Bar-B-Cue means different things to different people.
In one of my personal favorite old movies the wandering Alan Squier (Leslie Howard) shows up at a southwestern roadhouse and bumps into waitress Gabby (Bette Davis). Turns out, he’s a failed literati looking for a lost cause, and she’s the cause he’s looking for.
Alan (eyeing the menu): “What is . . . “Bar” . . . “Be”. . .”Cue?”
Gabby (brightening): “Well, here it’s a grilled hamburger and vegetables.”
First, he has the soup course. Alan sees everything in Gabrielle’s eyes (he refuses to call her Gabby), but eventually destiny intervenes in the shape of killer Duke Mantee (Humphrey Bogart) and Alan has to decide if he wants to give up his life for a girl he just met.
https://www.imdb.com/title/tt0028096/mediaviewer/rm2354446336
Bar-B-Q really shouldn’t be that serious. It should be more of a thing you enjoy, something to look forward to. I like sampling barbecue while traveling because it can be so regional. And everywhere in the world has some form of barbecue, because it’s one of the original ways to eat cooked food, i.e. throw it on a fire. That, and soup, i.e. throw it in boiling water.
If you want to find decent barbecue in the western suburbs I recommend Russell’s Barbecue on Thatcher Ave. in Elmwood Park. It’s right around the corner from Oak Park, the Chicago suburb where Hemingway grew up and went to school. In fact Russell’s is two miles from Hemingway’s birthplace and boyhood home. Those are two different houses a few blocks apart, the boyhood one on Kenilworth and the other on Oak Park Ave.
What is barbecue at Russell’s on Thatcher?

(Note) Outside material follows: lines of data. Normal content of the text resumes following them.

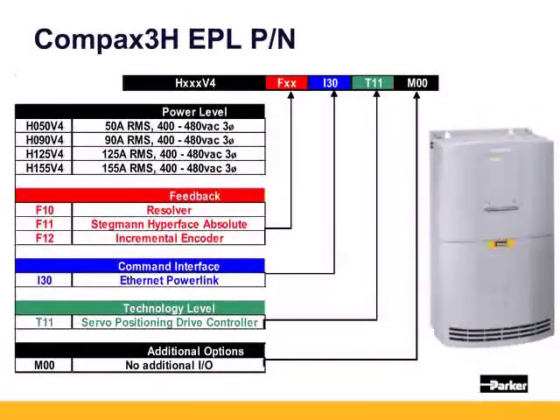For users with applications needing even higher current, the Compax 3H is our high-powered amplifier. The C3H has four current levels: H050V4 for 50 amps, H090V4 for 90 amps, and also 125-amp and 155-amp units. These units take 400 to 480 volt AC three-phase, but not 240. The feedback options are the same as the C3S and C3M, with I30 T11 M00 for a standard EPL unit.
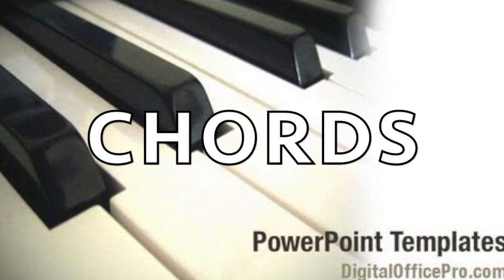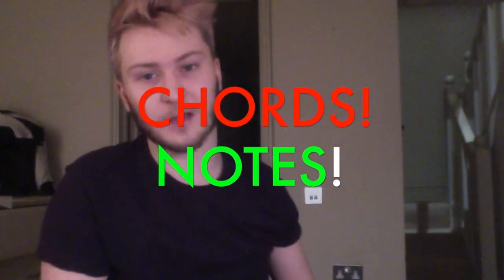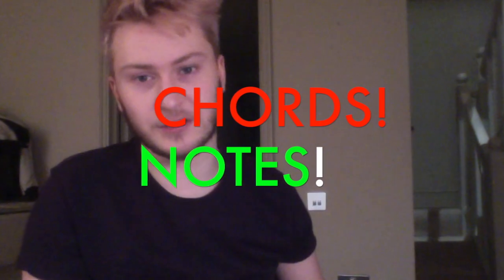Now let's get into the really fun stuff. One thing you've got to know is you've got to understand the difference between chords and notes. The thing with notes is that it's just one — that's a note, that was the C note.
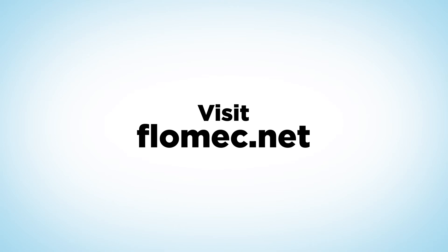Visit flowmec.net to find detailed technical manuals, specifications, videos, and CAD file downloads, or to connect with a Flowmec representative in your area.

We had ribs, slow-cooked pork, and a nice half-chicken which you can get with or without sauce. Most everything comes with fries and coleslaw. (Theirs is the vinegar style not the cream style slaw, good not great.) But the pork sandwich is always delicious and comes without sauce which you add yourself. I like to think Hemingway ate at Russell’s. It opened in 1930. So maybe he made it back to Oak Park and tried it.
Hemingway has a bit of a connection to the Leslie Howard movie, because Howard’s character Alan is a failed member of the Lost Generation, the Paris ex-pats hanging in Paris and elsewhere after the end of WWI, i.e. during the 1920s. Hemingway meanwhile was a successful member of the Lost Generation, if you consider that someone who sells a lot of books, catches a lot of deep-sea fish, wins a Nobel Prize, and kills himself with his own shotgun successful. He was 61.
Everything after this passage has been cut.